──────── Data under study

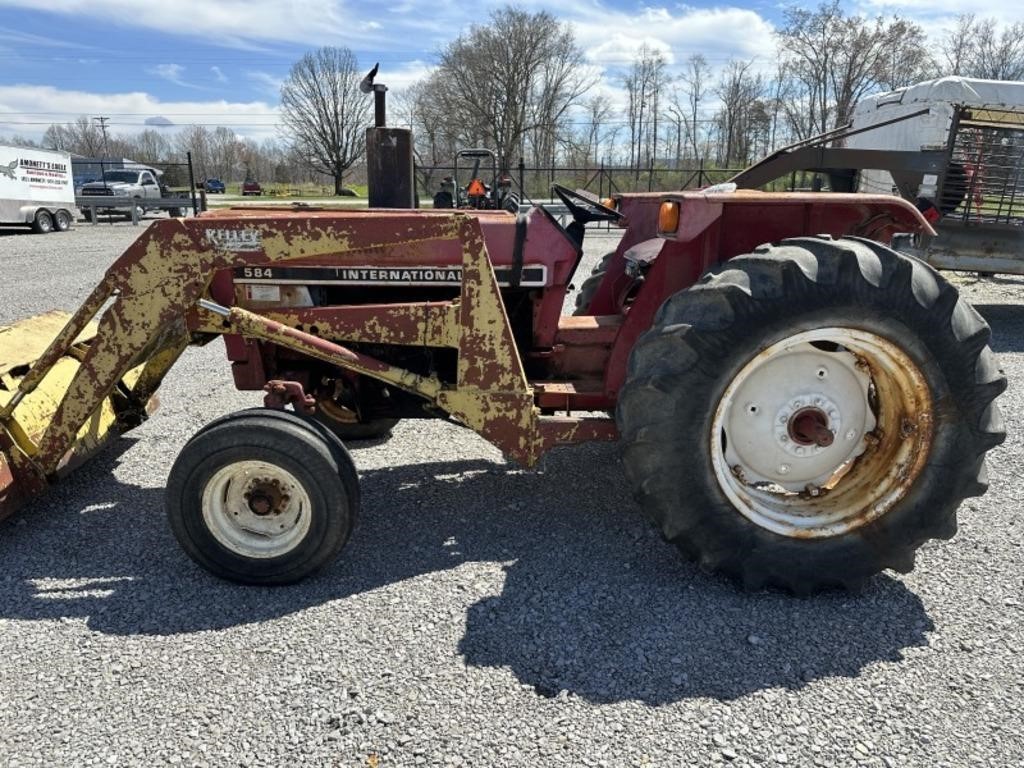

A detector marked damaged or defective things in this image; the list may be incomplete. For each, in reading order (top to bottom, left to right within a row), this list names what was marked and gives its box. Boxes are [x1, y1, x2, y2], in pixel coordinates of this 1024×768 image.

rusty wheel rim [199, 456, 309, 561]
rusty wheel rim [712, 327, 937, 536]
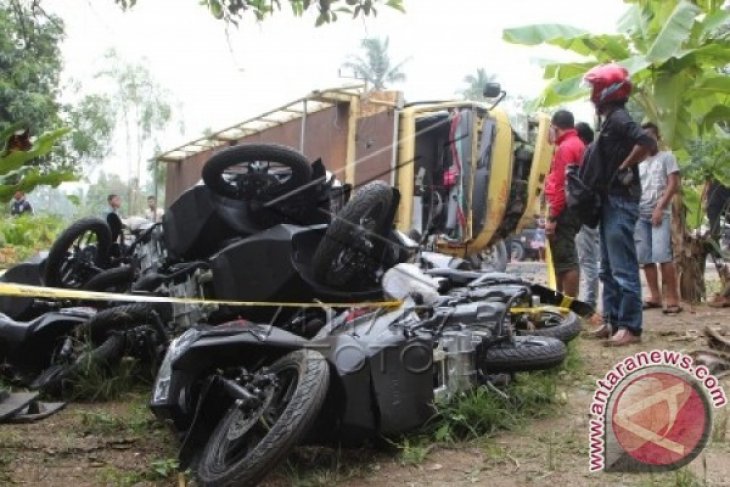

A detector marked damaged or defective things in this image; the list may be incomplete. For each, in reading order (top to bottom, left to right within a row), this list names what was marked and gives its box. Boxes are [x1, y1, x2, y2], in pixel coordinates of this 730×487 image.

overturned yellow truck [156, 85, 548, 266]
crashed motorcycle [151, 266, 564, 487]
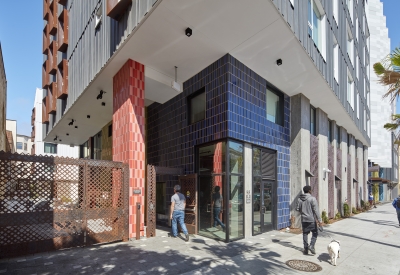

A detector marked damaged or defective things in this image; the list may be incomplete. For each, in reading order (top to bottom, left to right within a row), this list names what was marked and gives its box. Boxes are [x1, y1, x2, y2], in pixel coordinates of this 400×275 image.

rusted metal fence [0, 153, 128, 258]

────────────────

(Requirement) Copy the lines above exactly, beginning at the line containing "this 400×275 image." and stopping at the last line.

(Task solution)
A detector marked damaged or defective things in this image; the list may be incomplete. For each, in reading order (top to bottom, left to right within a row), this list names what was marked and gives its box. Boxes are [x1, y1, x2, y2], in pixel coordinates of this 400×275 image.

rusted metal fence [0, 153, 128, 258]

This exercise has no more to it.